Carlos do Carmo, um homem na Galiza
Também na Galiza Carlos do Carmo foi venerado e bem-querido, porque soube entender e conhecer o nosso património comum, as nossas origens culturais.
Depois de um ano incerto e emocionalmente muito intenso, estávamos querendo carregar no 2021 todos os bons desejos, ilusões e esperanças. Mas não podia começar pior o 2021 com a notícia triste da morte de Carlos do Carmo, um referente do fado no mundo, um homem que agarrou a madrugada como uma criança, que acordou com o seu canto a minha cidade amada, Lisboa. Ali, com o poeta Ary dos Santos, colheu a flor perfumada de Abril e da liberdade para levá-la na sua voz até à eternidade, no voo de uma gaivota e as aves todas do céu na sua despedida, com o seu coração nas mãos de toda a gente que o amou.

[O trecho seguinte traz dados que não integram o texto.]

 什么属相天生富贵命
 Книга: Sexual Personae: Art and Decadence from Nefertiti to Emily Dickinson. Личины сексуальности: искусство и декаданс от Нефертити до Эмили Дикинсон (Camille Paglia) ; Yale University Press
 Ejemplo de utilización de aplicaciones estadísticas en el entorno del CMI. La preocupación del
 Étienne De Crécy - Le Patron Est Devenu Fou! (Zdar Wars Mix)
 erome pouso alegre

Também na Galiza foi venerado e bem-querido. Deixou um regueiro de amizades porque soube entender e conhecer o nosso património comum, as nossas origens culturais.

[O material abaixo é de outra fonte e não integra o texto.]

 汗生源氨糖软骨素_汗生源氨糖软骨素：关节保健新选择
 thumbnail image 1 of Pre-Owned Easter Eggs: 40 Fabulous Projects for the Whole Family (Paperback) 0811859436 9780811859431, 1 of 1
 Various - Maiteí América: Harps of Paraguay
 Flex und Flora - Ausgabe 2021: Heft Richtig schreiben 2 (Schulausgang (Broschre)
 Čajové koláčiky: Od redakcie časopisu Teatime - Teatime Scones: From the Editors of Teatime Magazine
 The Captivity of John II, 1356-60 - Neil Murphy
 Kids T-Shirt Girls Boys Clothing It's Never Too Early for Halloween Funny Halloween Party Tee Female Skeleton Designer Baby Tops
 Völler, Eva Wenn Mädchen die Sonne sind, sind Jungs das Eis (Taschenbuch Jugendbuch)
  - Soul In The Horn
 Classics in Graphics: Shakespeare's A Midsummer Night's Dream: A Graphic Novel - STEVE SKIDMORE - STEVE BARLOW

Manteve sempre uma relação muito afectiva com a nossa terra e comigo até o ponto de poder considerá-lo um bom amigo e o meu pai adoptivo em Portugal.
Nunca deixou de marcar um almoço ou jantar em cada visita a Galiza e foi um excelente anfitrião na sua casa lisboeta junto à querida Judite e seus queridos filhos. Conversar com ele foi sempre uma permanente aprendizagem.

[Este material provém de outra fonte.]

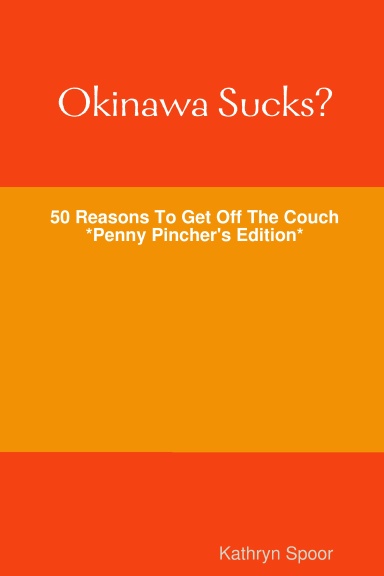 Okinawa Sucks? 50 Reasons To Get Off The Couch - Penny Pincher's Edition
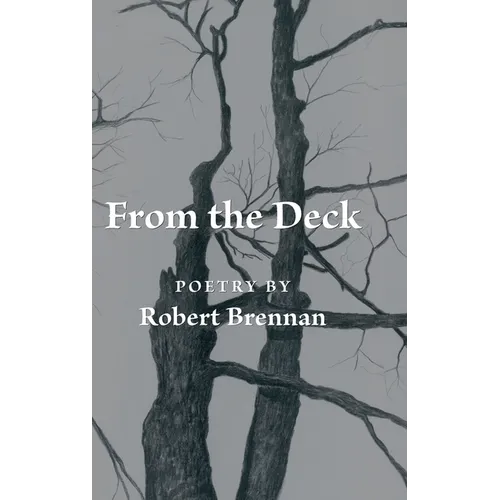 From the Deck: Poetry by Robert Brennan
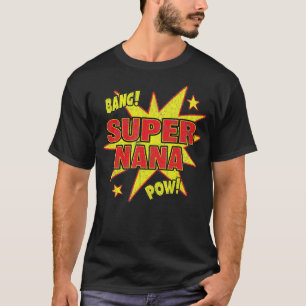 T-shirt Super Nana Super Power Grandma famille cadeau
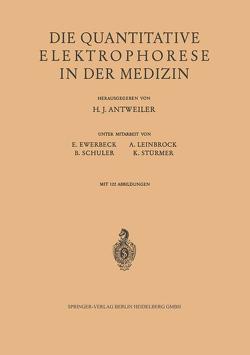 Die Quantitative Elektrophorese in der Medizin von Antweiler,  Hermann J.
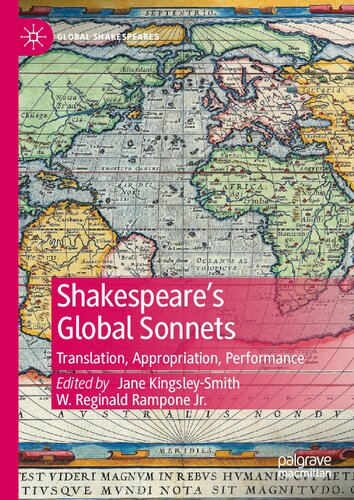 Shakespeare’s Global Sonnets: Translation, Appropriation, Performance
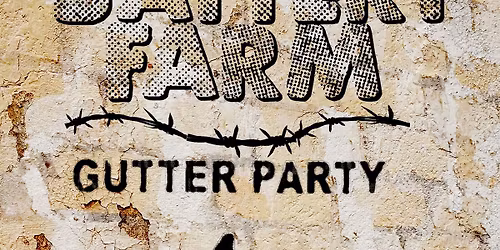THE BATTERY FARM PRESENTS GUTTER PARTY 4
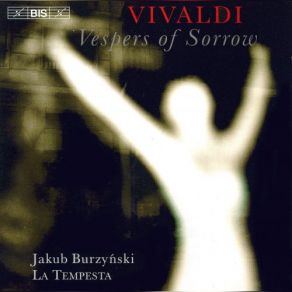 Download track II. Vanum Est Vobis (Alto, Violoncello, Double Bass, Theorbo, Harpsichord, Organ) La Tempesta, Jakub BurzynskiDouble Bass, Harpsichord, Alto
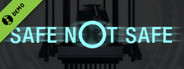 Safe Not Safe Demo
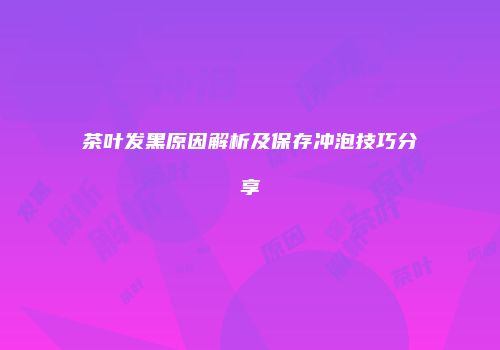 茶叶发黑原因解析及保存冲泡技巧分享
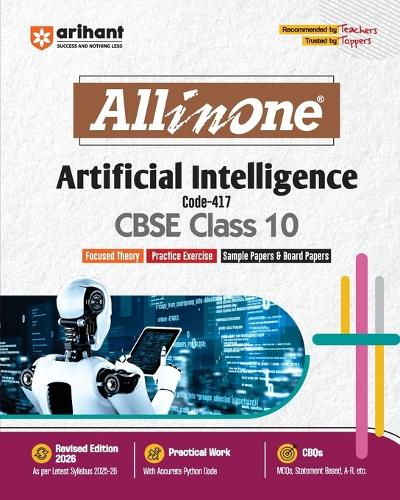 Arihant All in One Artificial Intelligence Class 10 for CBSE Exams 2025-26 as per latest syllabus Mind Maps, CBQs, Focused Theory, Practice Exercises, Sample Papers, Board Papers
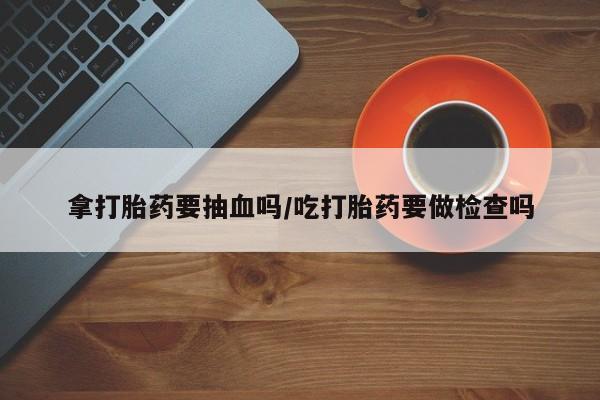 买流产药的联系方式拿打胎药要抽血吗/吃打胎药要做检查吗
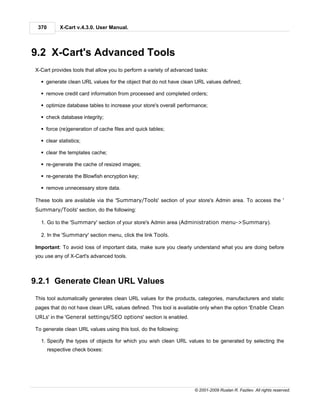 370        X-Cart v.4.3.0. User Manual.




9.2 X-Cart's Advanced Tools
X-Cart provides tools that allow you to perform a variety of advanced tasks:

  § generate clean URL values for the object that do not have clean URL values defined;

  § remove credit card information from processed and completed orders;

  § optimize database tables to increase your store's overall performance;

  § check database integrity;

  § force (re)generation of cache files and quick tables;

  § clear statistics;

  § clear the templates cache;

  § re-generate the cache of resized images;

  § re-generate the Blowfish encryption key;

  § remove unnecessary store data.

These tools are available via the 'Summary/Tools' section of your store's Admin area. To access the '
Summary/Tools' section, do the following:

  1. Go to the 'Summary' section of your store's Admin area (Administration menu->Summary).

  2. In the 'Summary' section menu, click the link Tools.

Important: To avoid loss of important data, make sure you clearly understand what you are doing before
you use any of X-Cart's advanced tools.



9.2.1 Generate Clean URL Values
This tool automatically generates clean URL values for the products, categories, manufacturers and static
pages that do not have clean URL values defined. This tool is available only when the option 'Enable Clean
URLs' in the 'General settings/SEO options' section is enabled.

To generate clean URL values using this tool, do the following:

  1. Specify the types of objects for which you wish clean URL values to be generated by selecting the
       respective check boxes:




                                                                      © 2001-2009 Ruslan R. Fazliev. All rights reserved.
 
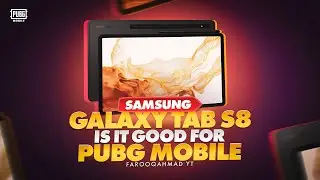 Samsung Galaxy Tab S8 for PUBG MOBILE Gamaing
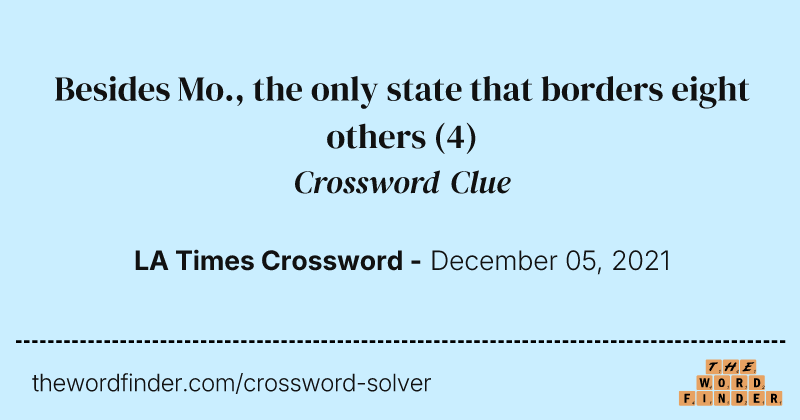 Besides Mo., the only state that borders eight others crossword clue image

Quando veio ao festival Cantos na Maré, foi mágica a sua participação, marcante e conectada com o espírito do festival, que pretende mostrar a diversidade e riqueza da música lusófona provocando encontros e parcerias. Ele sempre se mostrou aberto a essa interacção onde um cavaquinho brasileiro ou uma gaita galega podia fundir-se num fado tradicional sem preconceitos nem espartilhos muito puristas. Ali, como em cada um dos seus concertos, demonstrou que era um autêntico animal de cena e, como sempre, nos cativou com a sua simpatia dentro e fora do palco e com um poder de comunicação com o público que só os grandes possuem.
Juntámos as nossas vozes pela primeira vez no Choro alegre do disco do meu guitarrista, o “brasilego” Sérgio Tannus. Um prazer como poucos na vida. A letra expressa o meu sentimento de carinho filial e infinito: O amor não teve início e nem fim ele terá…
O fado perde a um referente e um cavaleiro “charmoso”, de máxima elegância no canto e na vida e nós teremos muitas saudades, muitas mesmo, mestre!